28. We increase the timeframe for approving the QCRs from the current 30-day requirement to 60 days.

29. D.07-04-020 allows that the utilities only supply a breakdown of costs with their ERRA monthly filings and make all supporting documentation available to Commission Staff and interested parties upon request.

30. IOUs can not issue RFOs that seek both Power Purchase Agreements (PPAs) and Utility build bids.

31. UOG applications by the IOUs outside of an RFO must fit into a unique circumstance, which are limited to market power mitigation, reliability, preferred resources, expansion of existing facilities, or be a unique opportunity, as described in the decision, and each application will be considered on a case-by-case basis. The IOU is required to make a showing that holding a competitive RFO is infeasible.

32. IOUs will no longer be allowed to consider as an option in their competitive PPA RFOs the transfer of the fully depreciated resource underlying a PPA to the IOUs.

33. We eliminate the "50/50 cost cap" directed in D.04-12-048 and will consider cost- and saving-sharing ratemaking mechanisms on a case-by-case basis and the requested treatment must be justified by unique circumstances.

34. ED staff is to continue to work with the IOUs and other interested parties to create a Commission-endorsed "AB 57 Procurement Plan Implementation Manual" for each IOU that includes the comprehensive set of procurement rules, including any IOU-specific requirements, that can be accessed by all interested market participants to determine each IOU's compliance with its AB 57 Procurement Plan.

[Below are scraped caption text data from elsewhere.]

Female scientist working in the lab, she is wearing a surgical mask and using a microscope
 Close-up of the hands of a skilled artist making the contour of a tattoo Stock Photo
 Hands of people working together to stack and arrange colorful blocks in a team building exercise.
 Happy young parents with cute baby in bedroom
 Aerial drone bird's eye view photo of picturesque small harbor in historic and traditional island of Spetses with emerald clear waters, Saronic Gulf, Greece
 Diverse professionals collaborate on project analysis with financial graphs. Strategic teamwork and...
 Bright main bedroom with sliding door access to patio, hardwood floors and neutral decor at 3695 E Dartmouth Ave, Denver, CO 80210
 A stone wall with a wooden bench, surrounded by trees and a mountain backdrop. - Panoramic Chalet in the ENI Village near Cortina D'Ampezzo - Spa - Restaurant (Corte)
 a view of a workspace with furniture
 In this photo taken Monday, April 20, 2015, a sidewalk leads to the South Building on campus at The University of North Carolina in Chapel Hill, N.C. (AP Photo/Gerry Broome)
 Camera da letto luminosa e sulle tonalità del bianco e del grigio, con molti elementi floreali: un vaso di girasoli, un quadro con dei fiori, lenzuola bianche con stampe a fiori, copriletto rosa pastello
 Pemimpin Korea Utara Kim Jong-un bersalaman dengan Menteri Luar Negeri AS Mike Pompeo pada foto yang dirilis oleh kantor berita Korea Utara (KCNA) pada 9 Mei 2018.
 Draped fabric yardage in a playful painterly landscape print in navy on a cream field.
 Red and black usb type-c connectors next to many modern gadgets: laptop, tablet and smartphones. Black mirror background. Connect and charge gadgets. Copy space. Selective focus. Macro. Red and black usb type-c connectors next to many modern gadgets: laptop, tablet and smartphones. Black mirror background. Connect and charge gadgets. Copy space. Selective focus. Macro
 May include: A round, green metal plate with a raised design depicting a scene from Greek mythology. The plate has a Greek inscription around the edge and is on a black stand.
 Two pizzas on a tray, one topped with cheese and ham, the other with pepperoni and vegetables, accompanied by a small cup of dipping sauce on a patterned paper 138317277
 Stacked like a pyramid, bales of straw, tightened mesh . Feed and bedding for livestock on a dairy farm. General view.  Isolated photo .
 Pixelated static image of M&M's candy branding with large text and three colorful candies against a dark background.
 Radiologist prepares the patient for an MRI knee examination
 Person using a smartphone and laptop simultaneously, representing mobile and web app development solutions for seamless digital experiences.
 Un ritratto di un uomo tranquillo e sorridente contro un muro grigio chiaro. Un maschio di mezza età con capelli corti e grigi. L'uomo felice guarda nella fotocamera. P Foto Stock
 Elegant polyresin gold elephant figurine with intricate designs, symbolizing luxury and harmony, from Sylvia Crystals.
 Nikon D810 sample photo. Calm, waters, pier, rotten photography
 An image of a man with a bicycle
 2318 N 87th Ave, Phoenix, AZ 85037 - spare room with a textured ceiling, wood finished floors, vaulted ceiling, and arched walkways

35. IOUs are to consider the use of Brownfield sites first and take full advantage of their location before they consider building new generation on Greenfield sites. If IOUs decide not to use Brownfield, they must make a showing that justifies their decision. All the benefits and impacts of AB 1576 projects should be properly considered and evaluated in an RFO - including quantifiable economic benefits and impacts, and non-quantifiable social and environmental benefits and impacts. This direction applies to re-powered or replacement options presented in a RFO, not just UOG projects.

36. IOUs may no longer apply a 20% DE "bid adder" as a bid evaluation tool when evaluating PPAs.

37. We find it reasonable to adopt PG&E's proposed modifications to the definitions of "Financial Swaps" and "Electricity Transmission Products" but PG&E is to include details regarding transactions that involve these products in its QCR.

38. An IOU must publicly reveal the names of winning bidders, a description of the product, and the contract term, within 30 days of when the IOU files an application for approval of the contract. The IOU may keep the identity of the winning bidder confidential until key commercial terms have been finalized and if that does not occur within the 30-day time frame, the IOU should withdraw the application and re-file once it can release the bidder's identity and other required information. The IOU does not have to publicly reveal the actual contract.

39. The utilities propose a number of policies, some of which we specifically address in this decision. We express no opinion on the merit of the policies and positions presented in the LTPPs which we have not specifically addressed in this decision, and we do not adopt, modify or reject any of them.

This order is effective today.

Dated December 20, 2007, at San Francisco, California.